Wellness-Programme mit dem Arzt klären

Eine Wellness-Behandlung kann eine wahre Wohltat sein. Die Verspannungen des Alltags werden gelöst und man fühlt sich gleich viel wohler in seiner Haut. Wenn man aber mit einer Vorerkrankung zu kämpfen hat, kann es auch passieren, dass etwa eine Massage oder der Gang in die Sauna gravierende Folgen nach sich ziehen. Daher sollten vorbelastete Menschen vor einer Wellness-Behandlung lieber ihren Arzt konsultieren, um eventuelle Risiken für die eigene Gesundheit abzuklären. Für gesunde Menschen sind diese Wellness-Behandlungen vollkommen unbedenklich, solange sie in vernünftigem Maße vorgenommen werden. Professor Christoph Gutenbrunner, Rehabilitationsmediziner und Balneologe an der Medizinischen Hochschule in Hannover rät den kranken und vorbelasteten Menschen dringend zu einem klärenden Arztbesuch.
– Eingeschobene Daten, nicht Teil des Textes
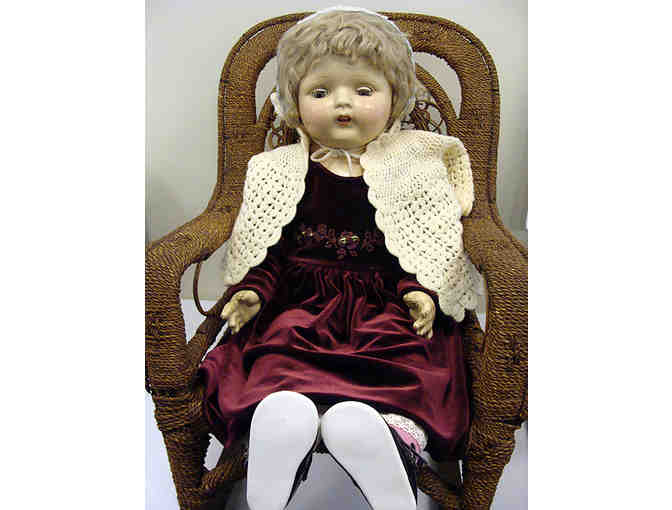 Vintage Life Size Porcelain Doll in Child Size Wicker Rocker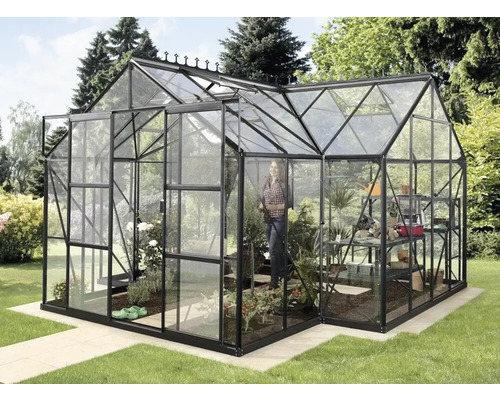 Växthus med växter och en person i trädgården.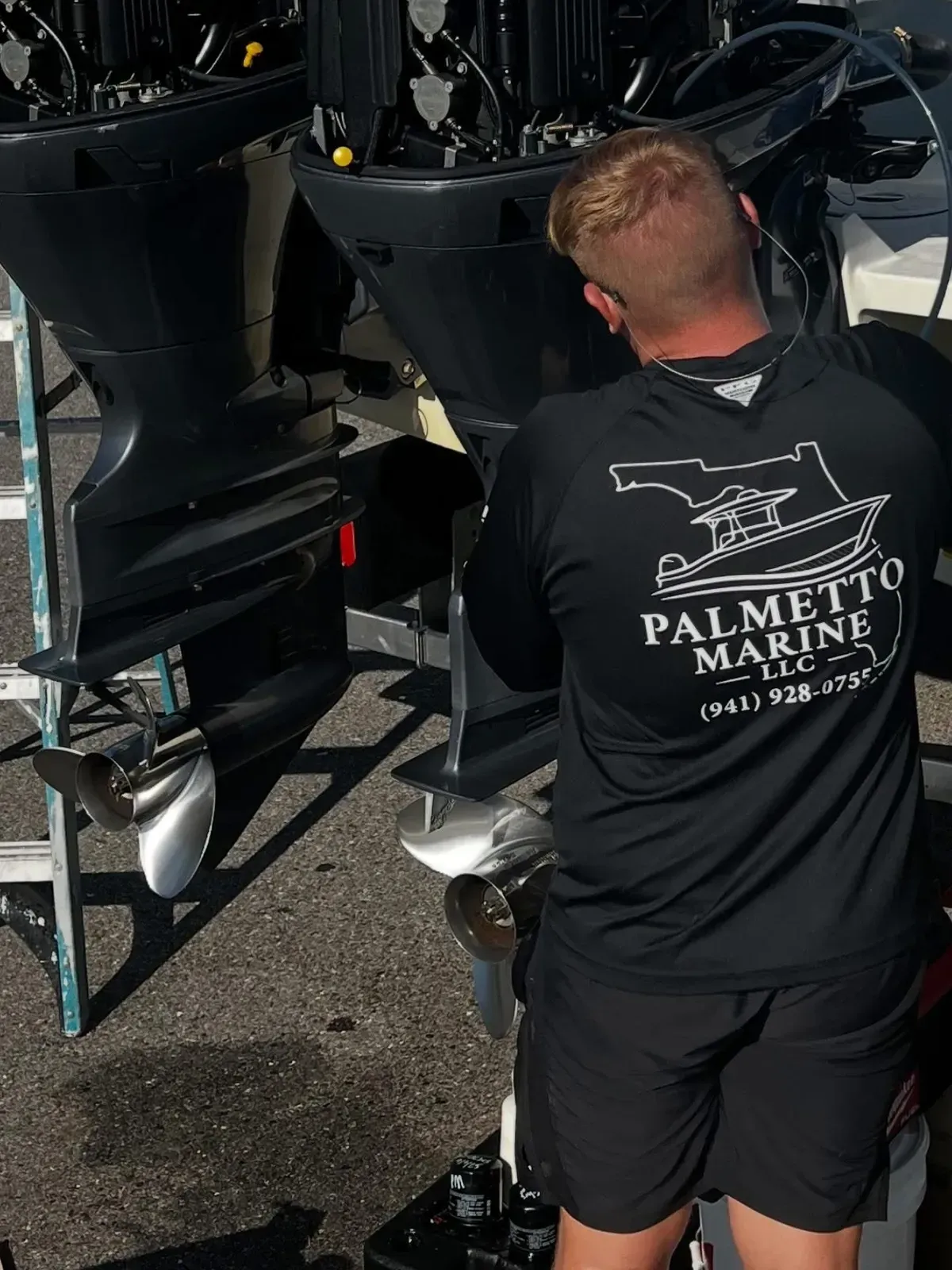 Man in black shirt inspecting boat motors on a dock, with Palmetto Marine logo visible on his back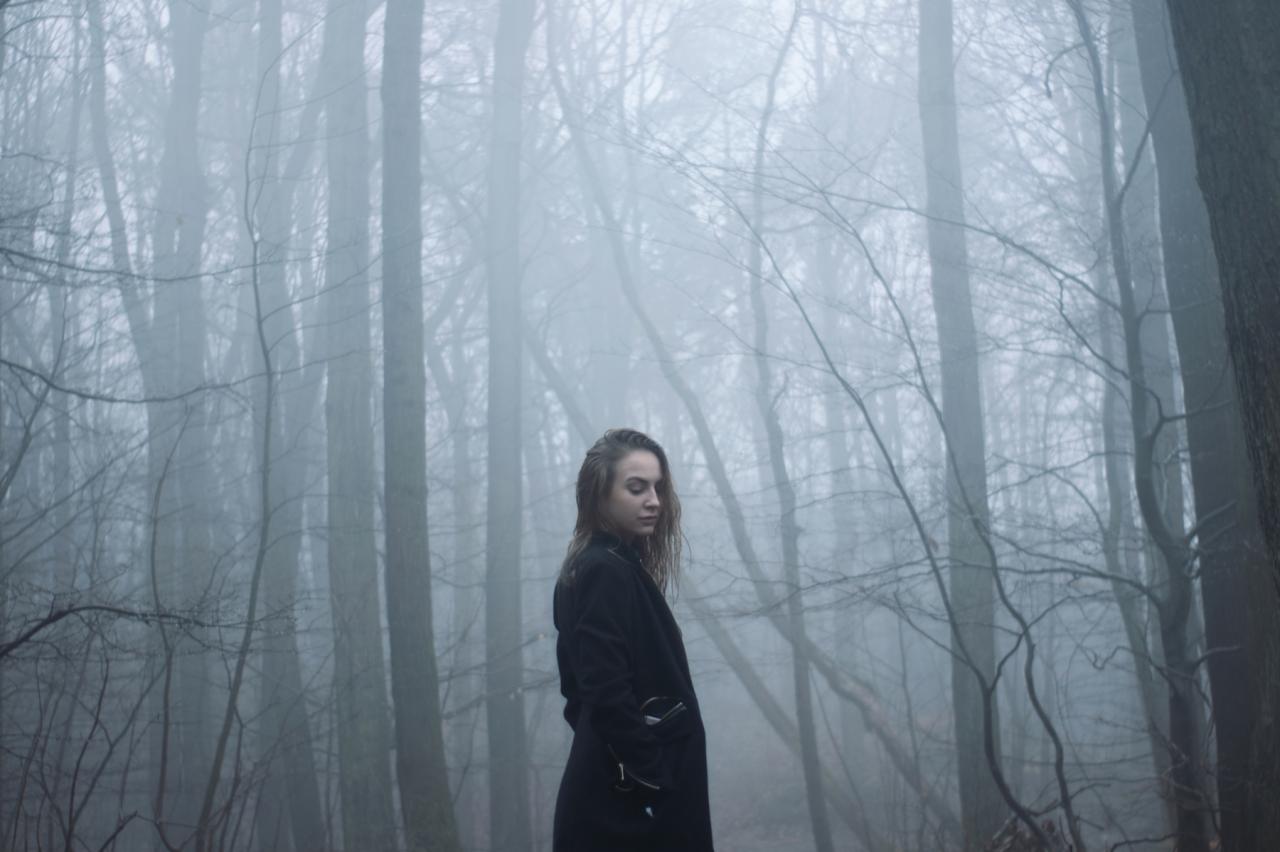 Kobieta w czarnym płaszczu w mglistym lesie, pochylona głowa, melancholijny nastrój, drzewa bez liści w tle.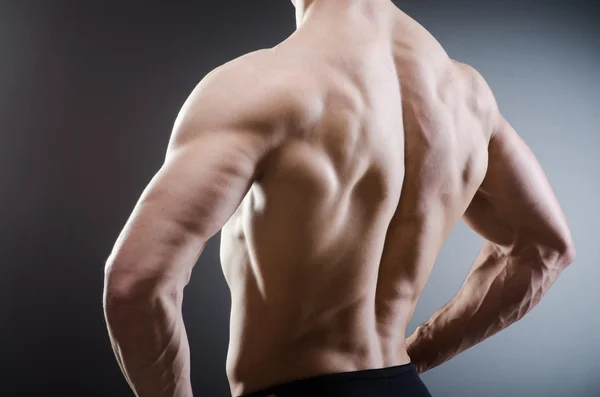 Muscular man posing in dark studio — Stock Photo, Image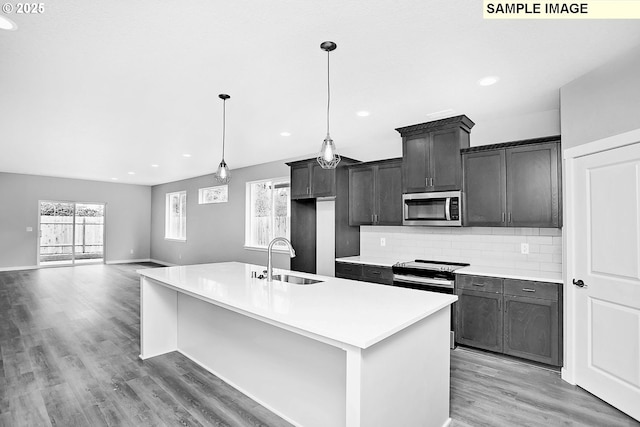 kitchen featuring a center island with sink, a sink, light countertops, light wood-style floors, and stainless steel appliances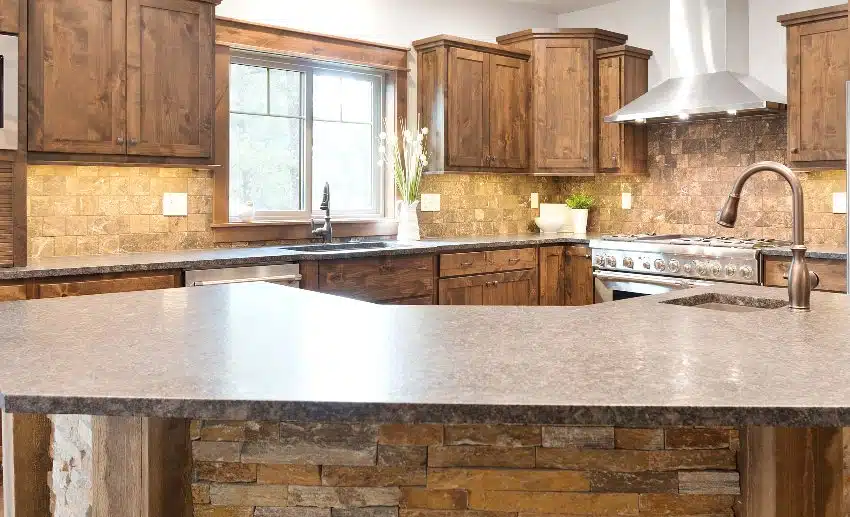 Brown kitchen with wood cabinets, slate backsplash, and island with faucet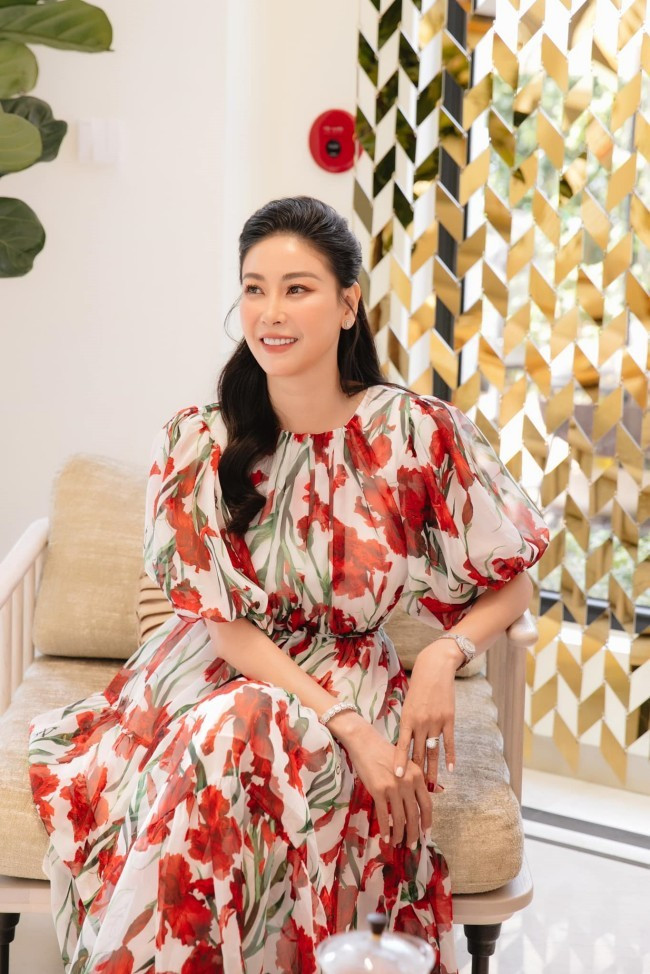 Trong thiết kế mang chất liệu voan tơ đỏ - trắng, Hà Kiều Anh chọn kiểu tóc xoăn nhẹ và lối trang điểm tone cam nhẹ nhàng, kết hợp hài hòa cùng vòng tay, đồng hồ tối giản.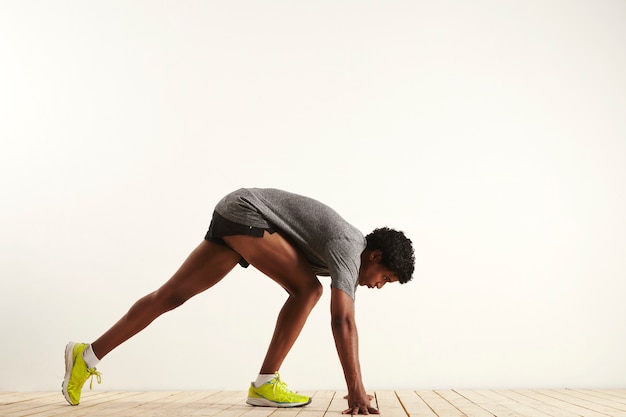 Muscular dark skinned sprinter in gray shirt, black shorts and neon yellow sneakers getting into starting position shot from the side against white wall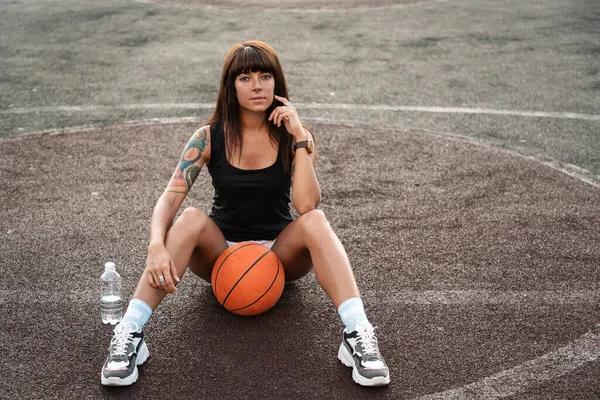 Красива Молода Жінка Татуюваннями Позує Баскетболом Сидить Землі — стокове фото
Herzschwächen sind keine gute Grundlage

Nach Aussage von Professor Gutenbrunner können der Gang in die Sauna und auch heiße Bäder bei Patienten mit einem geschwächten Herz einen Kreislaufkollaps auslösen, der sehr schnell noch ernstere Konsequenzen nach sich ziehen kann. Die Kombination von blutgerinnungshemmenden Arzneien bei Thrombosen mit Wellness-Anwendungen sei ebenfalls gefährlich. Laut dem Hamburger Lymphologen Dr. Christian Münter kann hier schon eine Wärmetherapie ungesunde Auswirkungen auf den Patienten haben. Dabei werden nämlich die Blutgefäße erweitert und der Blutfluss verlangsamt sich, wodurch die Gefahr einer Thrombose steigt. Im Falle von Gerinnungshemmern verursachen auch Massagen blaue Flecken und Blutergüsse. Diese seien zwar nicht gefährlich, aber dennoch unangenehm für die entsprechende Person. Bei Hautkrankheiten sind Massagen mit ätherischen Ölen ebenfalls nicht zu empfehlen, weil es hier zu Reizungen der Haut kommen kann. Das passiert übrigens auch nach einer Bestrahlung oder Chemotherapie, nach denen die Haut sowieso mit einer übermäßigen Beanspruchung zu kämpfen hat. Bei einer Erkrankung an Osteoporose sollte eine unqualifizierte Massage vermieden werden, denn ein ungeübter Griff kann auch zu Knochenbrüchen führen. Chiropraktische Maßnahmen sind demnach auch kritisch zu betrachten.

Nach dem Krebs lieber noch warten

Wer gerade erst eine anstrengende Krebsbehandlung hinter sich hat, sehnt sich meist nach Entspannung und einer ausgiebigen Phase der Erholung. Natürlich dürfe man mit einem Tumor und einem gleichzeitig verspannten Nacken eine muskellockernde Massage in Anspruch nehmen. Diese Anwendung sei auch bei einer solchen Krankheit unbedenklich. Der Tumor sollte zwar vorrangig behandelt werden, aber ein wenig mehr Wohlbefinden schade hier wohl auch nicht. Nach einer erfolgreichen Krebstherapie stehe dem kommenden Wellness-Programm nichts im Wege. Dennoch sollte man noch ein wenig abwarten, bis man sich das volle Programm der Erholung gönnt. Der Körper ist nicht sofort wieder so fit, dass er die Temperaturschwankungen und/oder stärkere Ausübung von Druck bei einer Massage ohne weiteres verkraften kann.